The study emphasizes that digitalization is becoming increasingly significant in fields like route optimization and the monitoring of weather and sea conditions in maritime contexts. Cutting-edge technologies like machine learning and data analytics facilitate real-time operational decisions by predicting ship resistance under various sea conditions. Technological integrations have the potential to enhance the speed and cost-efficiency of operational processes in the maritime sector. Proactively addressing environmental resistance impacts demonstrates the potential for compliance with existing regulations while also offering a competitive advantage. Adhering to IMO emission limitations and energy efficiency regulations can enhance companies’ brand value and position them to meet more stringent environmental requirements in the future.

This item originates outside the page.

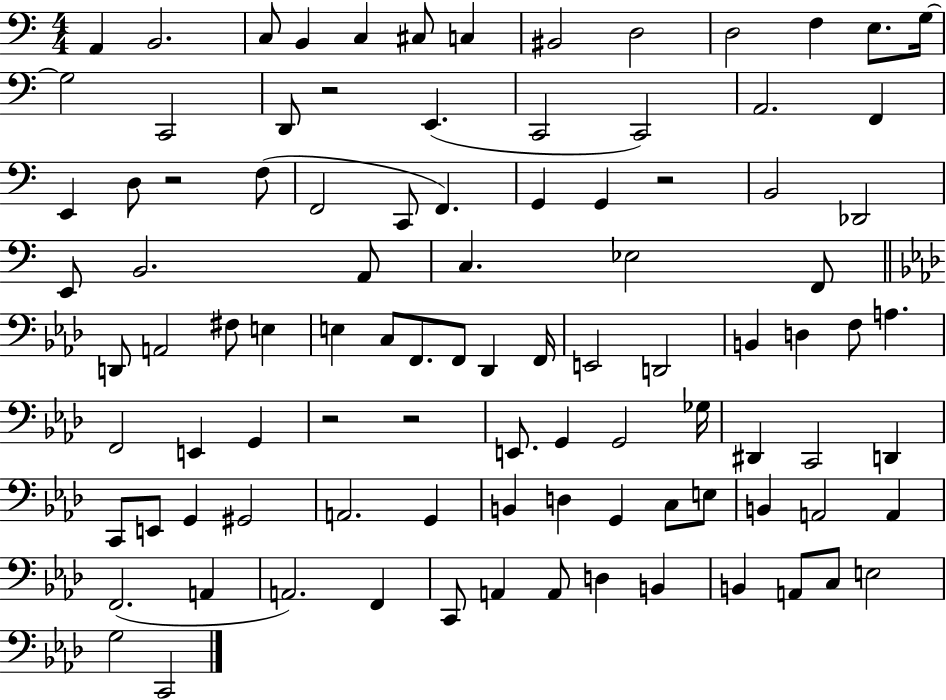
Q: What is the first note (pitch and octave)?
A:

The present analysis was limited to head sea conditions (0° angle), self-generated air resistance (disregarding environmental wind), and a single, fully loaded, even-keel condition. Consequently, future research will be directed toward a more comprehensive model investigating the combined effects of ambient wind and waves from various angles. Further studies will also evaluate the impact of different container stowage arrangements on superstructure air resistance and ship performance at various trim angles to identify optimal operational conditions. Ultimately, this expanded dataset will allow these findings to be directly correlated with energy efficiency indicators, providing a clear methodology for quantifying the impact of added resistance on a vessel’s EEXI and EEDI.